Thanks very much for your offer of help. We would like to take you up on it some time soon. In the meantime, which estate agent would you recommend in the SMdP area?


----------



## robc (Jul 17, 2008)

chimanis said:


> Thanks very much for your offer of help. We would like to take you up on it some time soon. In the meantime, which estate agent would you recommend in the SMdP area?


I am prepared to stand corrected on this but in my experience it seems that houses are listed on a multi agency basis. I would suggest cantacting a couple and then going on your gut feel. 

If you prefer then let me know and I can PM you.

Rob


----------



## silvers (Sep 22, 2008)

Silver Coast


----------



## connal (Mar 4, 2010)

Have a look at the casa sapo web site too - they have a round up of listing from estate agents all around the country. We found them to be a good intro to the kind of properties available and the sort of prices yoiu might expect to pay.


----------



## silvers (Sep 22, 2008)

Good advice Connal, as usual, now get back to your website, I'm bored!
Now Chimanis, also look at
www.era.pt

.: Casas, apartamentos ou moradias, para comprar ou vender casa, contacte-nos! Soluções Anti-Crise RE/MAX:.

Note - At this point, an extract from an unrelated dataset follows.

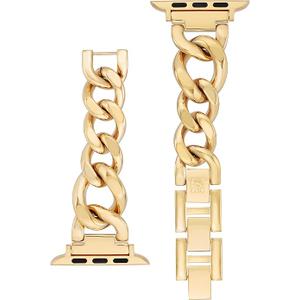 Anne Klein Fashion Chain Bracelet for Apple Watch, Secure, Adjustable, Apple Watch Replacement Band, Fits Most Wrists 38/40/41 mm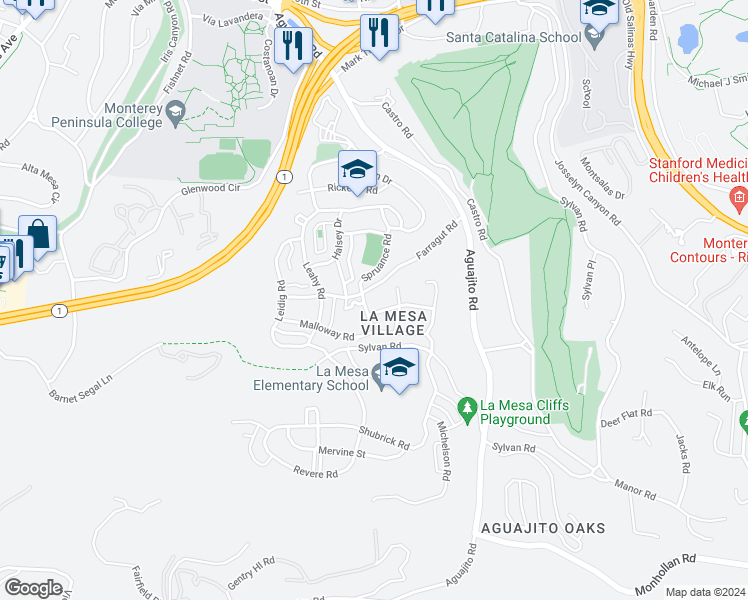 map of restaurants, bars, coffee shops, grocery stores, and more near 1200 Fechteler Drive in Monterey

Prestige Portugal Property - Real Estate Agents

The Era office in Nazare is quite friendly.


----------



## miramar2011 (Jul 7, 2010)

We recently bought in the Porto area. I found Casasapo to be the best site for looking all over the country. But also try era.pt, and remax. pt.

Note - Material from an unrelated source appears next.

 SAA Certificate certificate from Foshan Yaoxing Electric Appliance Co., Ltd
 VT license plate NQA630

All real estate companies have solicitors they work with, but many only speak Portuguese. It's best to find a bilingual solicitor if you're not fluent in Portuguese.

Good luck, now is a great time to buy.


----------



## omostra06 (Sep 11, 2007)

miramar2011 said:


> All real estate companies have solicitors they work with, but many only speak Portuguese. It's best to find a bilingual solicitor if you're not fluent in Portuguese.
> 
> Good luck, now is a great time to buy.


Try to pick your own, "independant" lawyer, not just the one that the agent tells you to pick.
ONLY use one that speaks your language and Portuguese.


----------